5.3.3.2 -Objectivos de conhecimento:

a) Etiopatologia, epidemiologia, fisiopatologia, anatomia patológica, semiologia clínica e laboratorial, diagnóstico e terapêutica das doenças dermatológicas principais (particularmente infecciosas e neoplásicas) e das manifestações cutâneas das doenças de outros aparelhos, e das sistémicas;

b) Conhecimento e identificação das manifestações dermatológicas associadas ao síndrome de imunodeficiência adquirida.

5.3.4 -Doenças infecciosas:

5.3.4.1 -Objectivos de desempenho.-Observação e acompanhamento clínico de casos de patologia infecciosa, com especial atenção ao síndrome de imunodeficiência adquirida e suas complicações.

5.3.4.2 -Objectivos de conhecimento:

a) Etiopatogenia, epidemiologia, fisiopatologia, anatomia patológica, semiologia clínica e laboratorial, diagnóstico e terapêutica das principais doenças infecciosas;

b) Identificação dos problemas infecciosos associados à toxicodependência;

c) Abordagem dos problemas infecciosos associados ao síndrome da imunodeficiência adquirida;

d) Antibioterapia curativa e profiláctica;

e) Resistência bacteriana à acção dos antibióticos;

f) Indicações para isolamento;

g) Vacinações.

6 –Avaliação:

6.1 -A avaliação é feita de acordo com o estabelecido nos capítulos VIII e IX do Regulamento dos Internatos Complementares, aprovado pela Portaria n.º 695/95, de 30 de Junho.

6.2 -Avaliação de desempenho:

6.2.1 -Desempenho individual:

a) Capacidade de execução técnica -ponderação 4;

b) Interesse pela valorização profissional -ponderação 3;

c) Responsabilidade profissional -ponderação 2;

d) Relações humanas no trabalho-ponderação 1.

6.3 -Avaliação de conhecimentos:

6.3.1 -Os estágios opcionais serão avaliados conjuntamente com a mais próxima avaliação de conhecimentos, com base num relatório de actividades.

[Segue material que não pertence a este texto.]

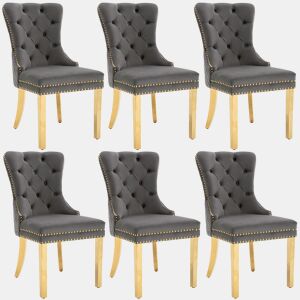 Conjunto de 6 cadeiras de veludo com pernas de metal - Cinzento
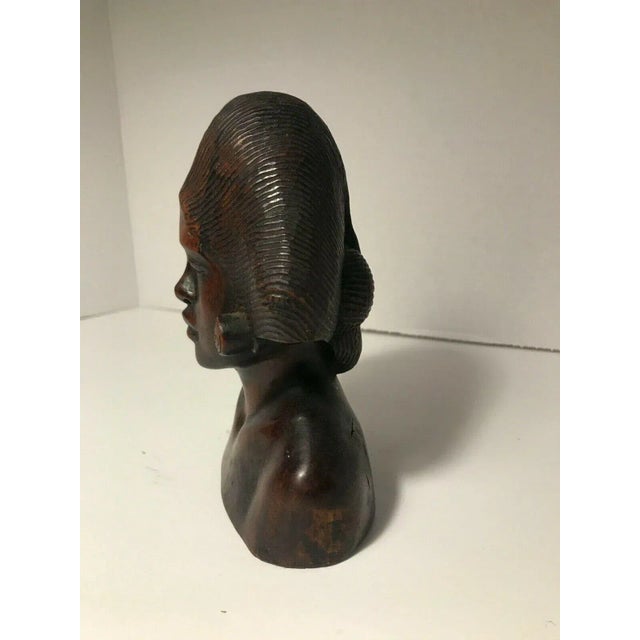 Figurative Vintage 1970s Hand Carved Wooden Woman Figurine Bust Balinese From Bali, Indonesia For Sale - Image 3 of 9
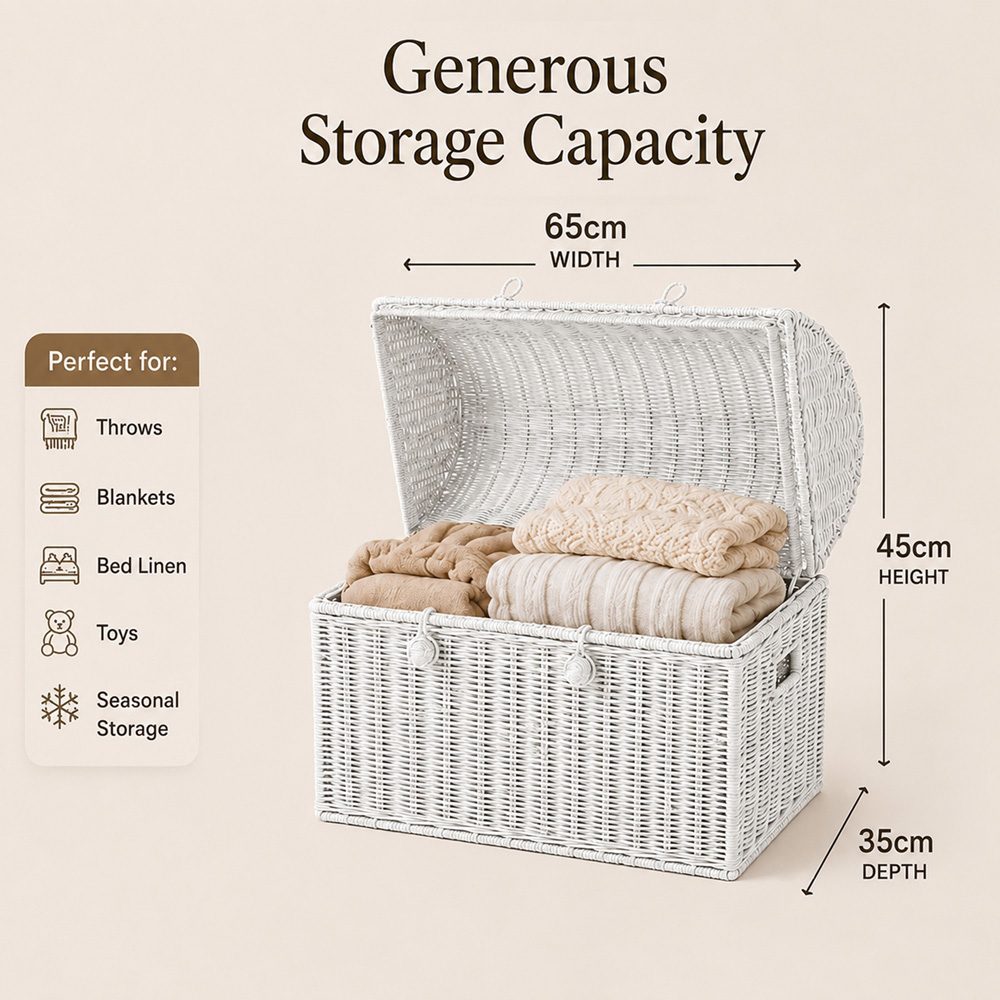 Home Republic White Rattan Woven Storage Chest Image 7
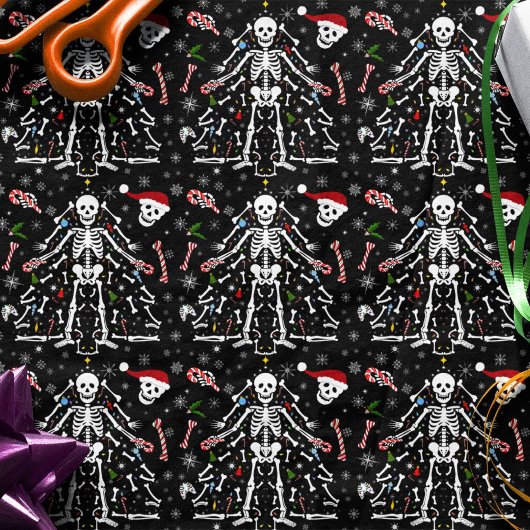 Merry Christmas Tree Skeleton Pattern Tissuepapier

6.3.2 -As restantes avaliações de conhecimentos, no final de cada estágio ou por cada 12 meses de internato, consistirão na:

a) Apreciação do relatório de actividades e trabalhos produzidos pelo interno;

b) Discussão das matérias estabelecidas como objectivos de conhecimentos para o estágio ou período de estágio;

c) Discussão de um relatório escrito, construído com base na entrevista e observação de um doente e onde constem o diagnóstico, a terapêutica e a epicrise.

7 –Disposições finais:

7.1 -O presente programa entra em vigor em 1de Janeiro de 1998 e aplica-se aos internos que iniciarem o internato a partir dessa data.

7.2 -Pode facultativamente abranger os internos já em formação que iniciaram o seu internato em 1995, 1996 e1997; nesse caso, os interessados deverão entregar na direcção do internato do seu hospital, no prazo de dois meses a partir da publicação deste programa, uma declaração em que conste a sua pretensão, com a concordância averbada do respectivo director de serviço e orientador de formação.